**What you have to do:** Copy out the listing that follows, exact in every word, and skip the images.

**Recorded data:**
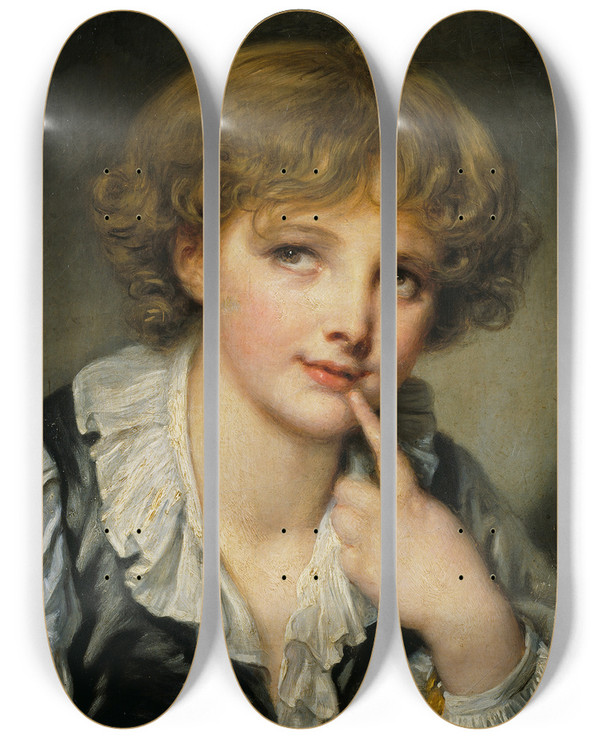 Triptych art skateboard deck of Jeanbaptiste Greuze Head Of A Boy by Jean-Baptiste Greuze (1725-1805)
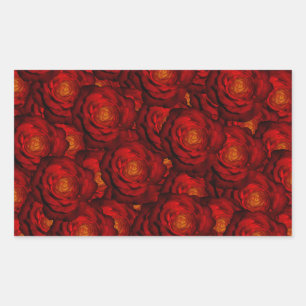 Pegatina Rectangular Rosas rojas de sangre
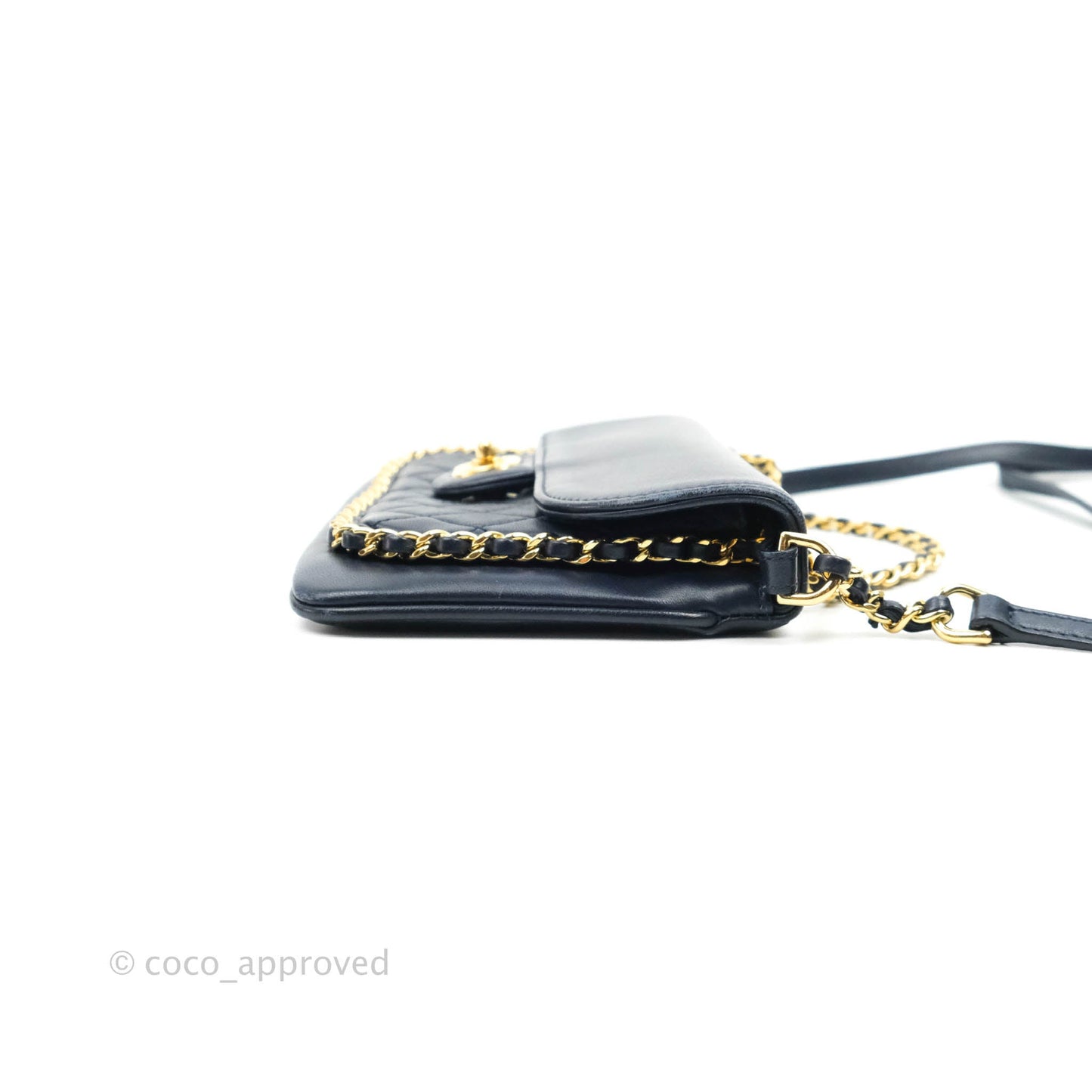 Chanel Flat Flap Bag With Chain Navy Calfskin Gold Hardware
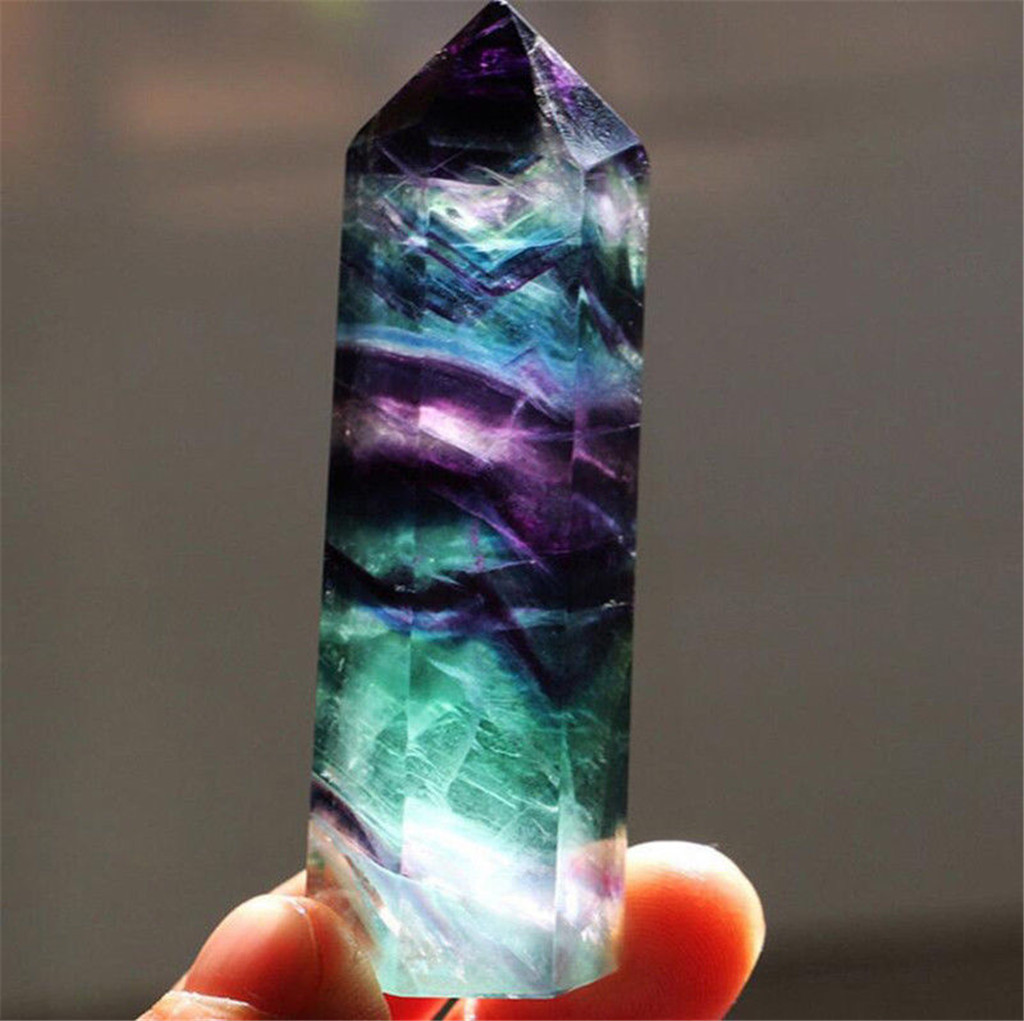 Natural Fluorite Crystal Colorful Striped Fluorite 4-7CM Quartz Crystal Stone Point Healing Hexagonal Wand Treatment Stone 7 Natural Colorful Striped Fluorite crystal specimen, 4–7CM in size, displaying clear, distinct bands of purple, green, and blue hues on a translucent surface.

**Solution to this task:**
 Triptych art skateboard deck of Jeanbaptiste Greuze Head Of A Boy by Jean-Baptiste Greuze (1725-1805)
 Pegatina Rectangular Rosas rojas de sangre
 Chanel Flat Flap Bag With Chain Navy Calfskin Gold Hardware
 Natural Fluorite Crystal Colorful Striped Fluorite 4-7CM Quartz Crystal Stone Point Healing Hexagonal Wand Treatment Stone 7 Natural Colorful Striped Fluorite crystal specimen, 4–7CM in size, displaying clear, distinct bands of purple, green, and blue hues on a translucent surface.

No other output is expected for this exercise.